Ecclesiastical enclosure, Aughmore, Co. Waterford
Co. Waterford |
Ecclesiastical Sites
A field in Aughmore, County Waterford carries a name that has outlasted whatever once stood within it. The locals called it the 'church field', and beneath its grass lies the faint but measurable outline of a large circular earthwork, the kind that in early medieval Ireland typically enclosed a monastery, a hermitage, or a place of worship long since vanished. The enclosure is subcircular in plan, roughly 66 metres across on its longest axis, defined by an earthen bank about two metres wide and a metre and a half high. That bank, modest enough to be easily missed, is the principal surviving trace of what may have been an important early ecclesiastical site.

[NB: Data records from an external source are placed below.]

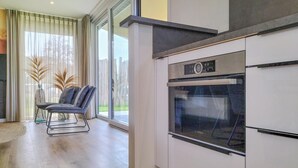 A modern kitchen with a built-in oven and a dining area with a chair and a vase of dried plants. - Lovely home in Voorthuizen with WiFi (Voorthuizen)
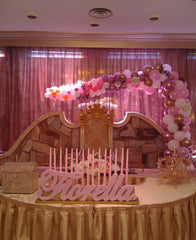 Colorful organic L-shape balloon arch with flowers for event decor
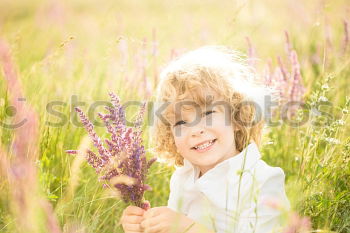 Similar – Image, Stock Photo smiling child sitting in field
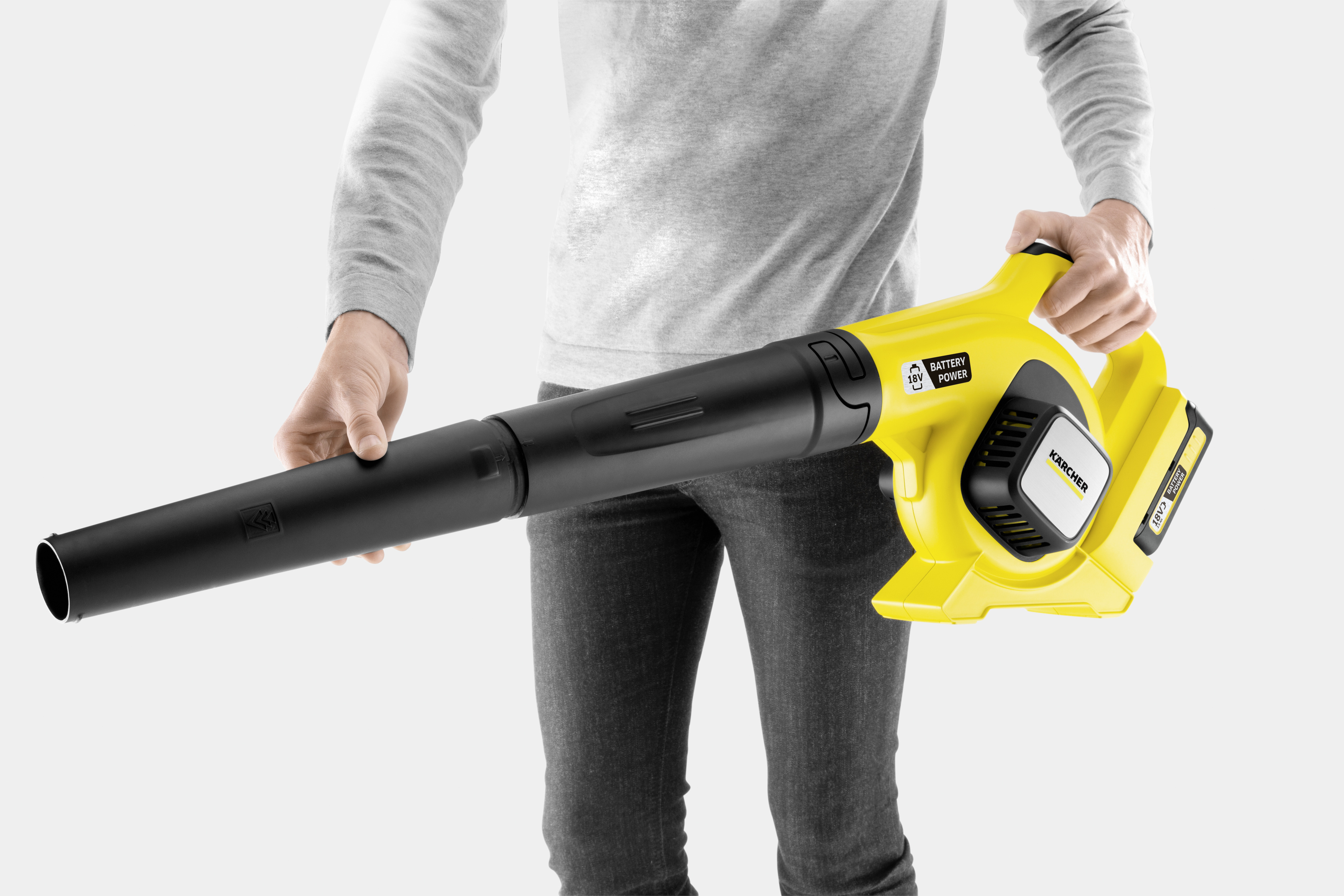 Persona con jersey gris sostiene un soplador de hojas inalámbrico amarillo y negro.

The enclosure sits near the top of an east-facing slope on an east-west ridge, a position characteristic of early Christian foundations in Ireland, which often favoured elevated ground with clear aspects. By the time the Ordnance Survey recorded the area in 1840, the external diameter of the enclosure measured approximately 90 metres, suggesting the outer limits have since eroded or been absorbed into later field boundaries; indeed, part of the perimeter today follows the townland boundary between Aughmore and a neighbouring townland, a common fate for ancient earthworks pressed into administrative service over centuries. The probable entrance appears to have faced north-east. Aerial photographs have revealed two smaller enclosures as cropmarks, a phenomenon that occurs when buried features affect crop growth differently from the surrounding soil, attached to the west and south-east of the main enclosure, measuring roughly 10 metres and 30 metres in diameter respectively. Whether these represent ancillary structures, burial grounds, or earlier phases of activity is not yet established, but their presence hints at a more complex arrangement than the surface alone suggests.